Berberine suppresses neuroinflammatory responses through AMP-activated protein kinase activation in BV-2 microglia
Article first published online: 5 APR 2010
Copyright © 2010 Wiley-Liss, Inc.
Journal of Cellular Biochemistry
Volume 110, Issue 3, pages 697–705, 1 June 2010
How to Cite
Lu, D.-Y., Tang, C.-H., Chen, Y.-H. and Wei, I.-H. (2010), Berberine suppresses neuroinflammatory responses through AMP-activated protein kinase activation in BV-2 microglia. J. Cell. Biochem., 110: 697–705. doi: 10.1002/jcb.22580
- Issue published online: 20 MAY 2010
- Article first published online: 5 APR 2010
- Manuscript Accepted: 16 FEB 2010
- Manuscript Received: 11 NOV 2009
- National Science Council of Taiwan. Grant Numbers: NSC 98-2320-B-039-009-MY2, NSC 98-2627-B-039-005
- China Medical University. Grant Number: CMU97-229
The AMPK cascade is a sensor of cellular energy change, which monitors the AMP/ATP ratio to regulate cellular metabolism by restoring ATP levels, but its regulation of neuroinflammation mechanism remains unclear. Berberine, one of the major constituents of Chinese herb Rhizoma coptidis, has been shown to improve several metabolic disorders, such as obesity and type II diabetes.
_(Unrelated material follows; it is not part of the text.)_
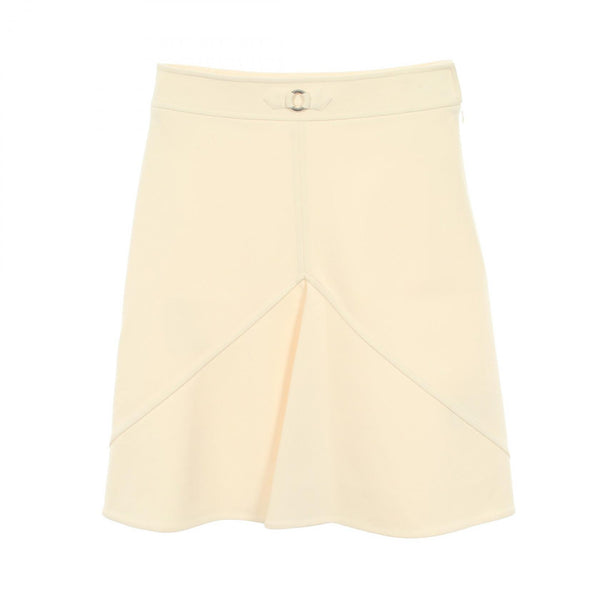 Hermes JUPE TRAPEZE Rayon Skirt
However, the effect of berberine on neuroinflammatory responses in microglia are poorly understood. This study shows that berberine represses proinflammatory responses through AMP-activated protein kinase (AMPK) activation in BV-2 microglia. Our findings also demonstrate that berberine significantly down-regulates LPS- or interferon (IFN)-γ-induced nitric oxide synthase (iNOS) and cyclo-oxygenase-2 (COX-2) expression in BV-2 microglia cells. Berberine also inhibited LPS- or IFN-γ-induced nitric oxide production. In addition, berberine effectively inhibited proinflammatory cytokines such as TNF-α, IL-1β, and IL-6 expression. On the other hand, upon various inflammatory stimulus including LPS and IFN-γ, berberine suppressed the phosphorylated of ERK but not p38 and JNK in BV-2 microglia. AMPK activation is catalyzed by upstream kinases such as LKB1 and Ca2+/calmodulin-dependent protein kinase kinase-II (CaMKK II). Moreover, berberine induced LKB1 (Ser428), CaMKII (Thr286), and AMPK (Thr172) phosphorylation, but not AMPK (Ser485). Furthermore, the inhibitory effect of berberine on iNOS and COX-2 expression was abolished by AMPK inhibition via Compound C, an AMPK inhibitor. Berberine-suppressed ERK phosphorylation was also reversed by Compound C treatment. Our data demonstrate that berberine significantly induces AMPK signaling pathways activation, which is involved in anti-neuroinflammation. J. Cell. Biochem. 110: 697–705, 2010. © 2010 Wiley-Liss, Inc.